— Pictures with short captions —
——————————
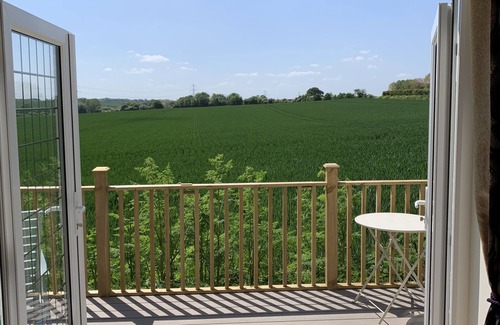 Upstreet House | New lodge with stunning views. Close to country, city and coast.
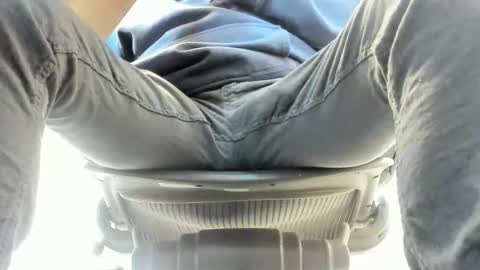 idfunguy2023 online show from 11/02/25, 11:18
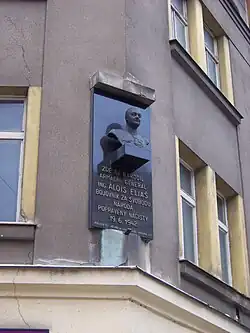 Pamětní deska s bustou Aloise Eliáše (nároží Francouzská 436/36, Jana Masaryka 436/51)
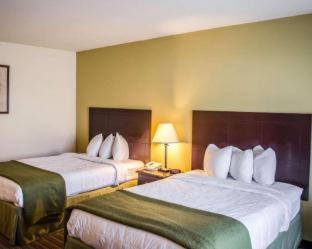 Room #48948618 at Quality Inn & Suites Pensacola Bayview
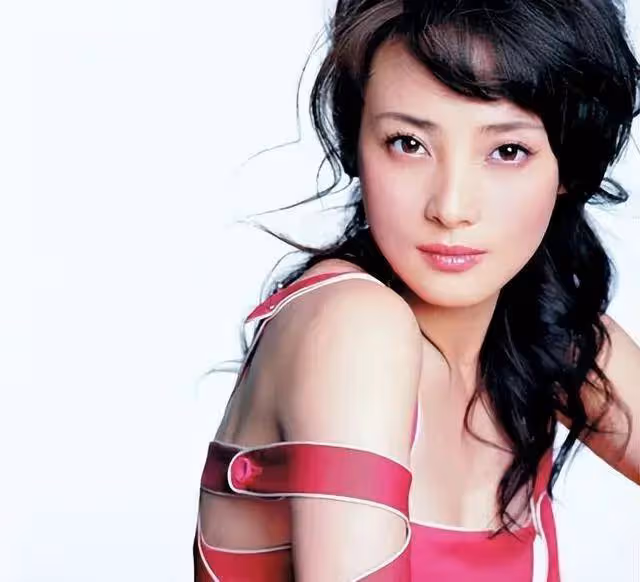 蔣勤勤寫真露出事業線大美腿!不是豐乳肥臀也性感火辣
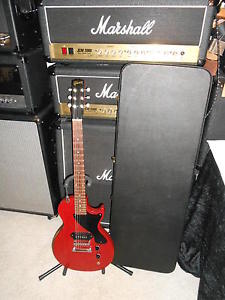 Gibson 2003 Melody Maker worn faded cherry P90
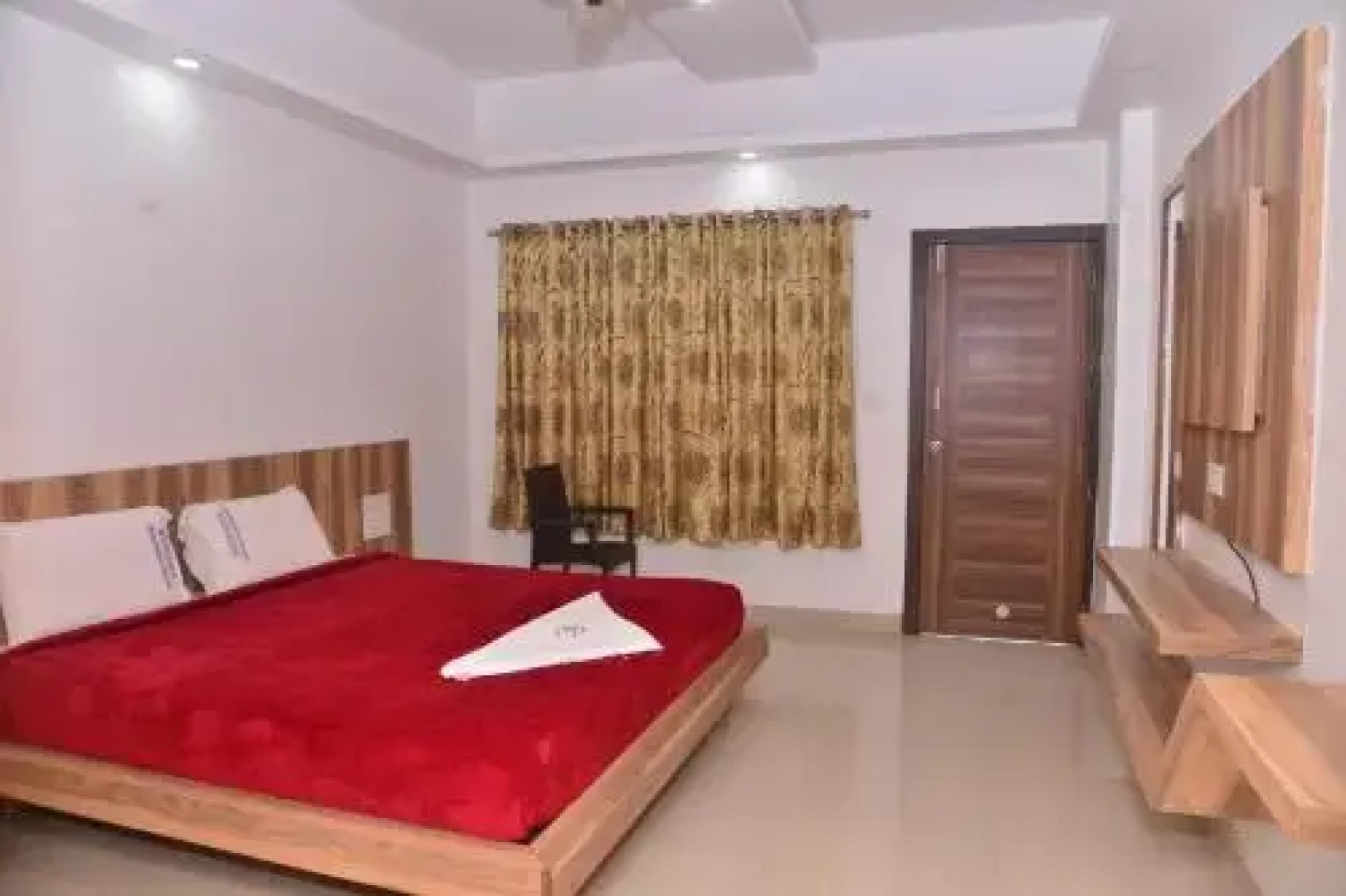 Iroomz Hotel Gaurav Garden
——————————
— GOAL OF THE EXERCISE —
Leaving out every picture, copy exactly the lines from the one that contains "Pamětní deska s" through the end of the entries above.

— ANSWER SECTION —
 Pamětní deska s bustou Aloise Eliáše (nároží Francouzská 436/36, Jana Masaryka 436/51)
 Room #48948618 at Quality Inn & Suites Pensacola Bayview
 蔣勤勤寫真露出事業線大美腿!不是豐乳肥臀也性感火辣
 Gibson 2003 Melody Maker worn faded cherry P90
 Iroomz Hotel Gaurav Garden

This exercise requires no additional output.